■ Stored data
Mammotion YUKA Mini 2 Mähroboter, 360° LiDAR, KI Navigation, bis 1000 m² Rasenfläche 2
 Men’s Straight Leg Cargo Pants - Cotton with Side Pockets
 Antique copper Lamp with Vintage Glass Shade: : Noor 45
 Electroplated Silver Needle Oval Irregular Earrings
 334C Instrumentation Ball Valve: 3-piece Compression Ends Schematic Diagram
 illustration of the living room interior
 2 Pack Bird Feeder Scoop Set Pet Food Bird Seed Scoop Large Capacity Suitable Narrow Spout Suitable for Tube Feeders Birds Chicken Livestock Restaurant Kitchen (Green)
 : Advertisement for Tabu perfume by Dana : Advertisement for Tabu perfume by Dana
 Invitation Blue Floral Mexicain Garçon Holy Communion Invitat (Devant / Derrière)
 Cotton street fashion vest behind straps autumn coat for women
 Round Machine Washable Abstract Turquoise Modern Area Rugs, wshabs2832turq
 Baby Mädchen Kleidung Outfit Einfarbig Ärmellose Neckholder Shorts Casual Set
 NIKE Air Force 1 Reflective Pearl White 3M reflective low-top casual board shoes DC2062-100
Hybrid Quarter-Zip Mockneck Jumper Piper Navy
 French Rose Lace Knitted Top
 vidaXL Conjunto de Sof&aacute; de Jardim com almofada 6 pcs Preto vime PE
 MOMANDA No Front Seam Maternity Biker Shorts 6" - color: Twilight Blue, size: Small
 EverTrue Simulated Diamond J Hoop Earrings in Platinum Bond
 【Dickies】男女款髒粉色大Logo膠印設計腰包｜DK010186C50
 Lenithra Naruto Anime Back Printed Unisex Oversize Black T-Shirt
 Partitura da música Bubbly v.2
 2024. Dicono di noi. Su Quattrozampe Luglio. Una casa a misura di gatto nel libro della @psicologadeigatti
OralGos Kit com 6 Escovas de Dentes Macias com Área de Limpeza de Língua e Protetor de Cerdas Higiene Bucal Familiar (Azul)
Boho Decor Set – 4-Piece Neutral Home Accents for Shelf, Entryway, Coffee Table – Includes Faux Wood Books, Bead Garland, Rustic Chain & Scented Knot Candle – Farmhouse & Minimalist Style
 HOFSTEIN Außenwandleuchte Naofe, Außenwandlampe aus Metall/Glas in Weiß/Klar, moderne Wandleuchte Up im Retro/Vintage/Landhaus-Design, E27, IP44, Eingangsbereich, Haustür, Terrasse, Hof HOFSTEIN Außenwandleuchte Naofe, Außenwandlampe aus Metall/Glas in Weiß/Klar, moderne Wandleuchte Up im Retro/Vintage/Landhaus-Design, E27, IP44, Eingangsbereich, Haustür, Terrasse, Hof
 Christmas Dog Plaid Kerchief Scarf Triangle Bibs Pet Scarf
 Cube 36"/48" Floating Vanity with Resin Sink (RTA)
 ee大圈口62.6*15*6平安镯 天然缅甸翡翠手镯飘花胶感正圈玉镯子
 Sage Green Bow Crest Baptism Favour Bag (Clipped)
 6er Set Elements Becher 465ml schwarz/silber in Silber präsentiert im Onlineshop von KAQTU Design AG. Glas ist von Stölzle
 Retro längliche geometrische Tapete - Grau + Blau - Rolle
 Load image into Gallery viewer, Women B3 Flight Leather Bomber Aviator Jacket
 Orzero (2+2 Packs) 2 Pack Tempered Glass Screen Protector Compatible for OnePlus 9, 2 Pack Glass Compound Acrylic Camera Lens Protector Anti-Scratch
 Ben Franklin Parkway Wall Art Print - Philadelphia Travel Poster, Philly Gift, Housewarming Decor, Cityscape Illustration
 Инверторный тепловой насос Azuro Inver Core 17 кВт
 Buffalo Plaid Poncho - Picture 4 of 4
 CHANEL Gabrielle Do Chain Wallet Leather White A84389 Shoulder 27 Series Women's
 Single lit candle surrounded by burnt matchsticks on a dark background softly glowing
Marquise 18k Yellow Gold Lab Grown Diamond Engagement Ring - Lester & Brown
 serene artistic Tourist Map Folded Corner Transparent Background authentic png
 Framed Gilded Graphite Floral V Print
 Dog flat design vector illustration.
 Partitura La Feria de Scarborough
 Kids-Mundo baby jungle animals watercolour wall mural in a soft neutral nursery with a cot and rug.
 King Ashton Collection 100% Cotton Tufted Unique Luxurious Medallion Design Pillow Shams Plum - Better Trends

■ Problem to solve
Restate word for word the entries above, starting at the line with "MOMANDA No Front" and ending at the line with "OralGos Kit com", inclusive, and no others.

■ Solution for this problem
 MOMANDA No Front Seam Maternity Biker Shorts 6" - color: Twilight Blue, size: Small
 EverTrue Simulated Diamond J Hoop Earrings in Platinum Bond
 【Dickies】男女款髒粉色大Logo膠印設計腰包｜DK010186C50
 Lenithra Naruto Anime Back Printed Unisex Oversize Black T-Shirt
 Partitura da música Bubbly v.2
 2024. Dicono di noi. Su Quattrozampe Luglio. Una casa a misura di gatto nel libro della @psicologadeigatti
OralGos Kit com 6 Escovas de Dentes Macias com Área de Limpeza de Língua e Protetor de Cerdas Higiene Bucal Familiar (Azul)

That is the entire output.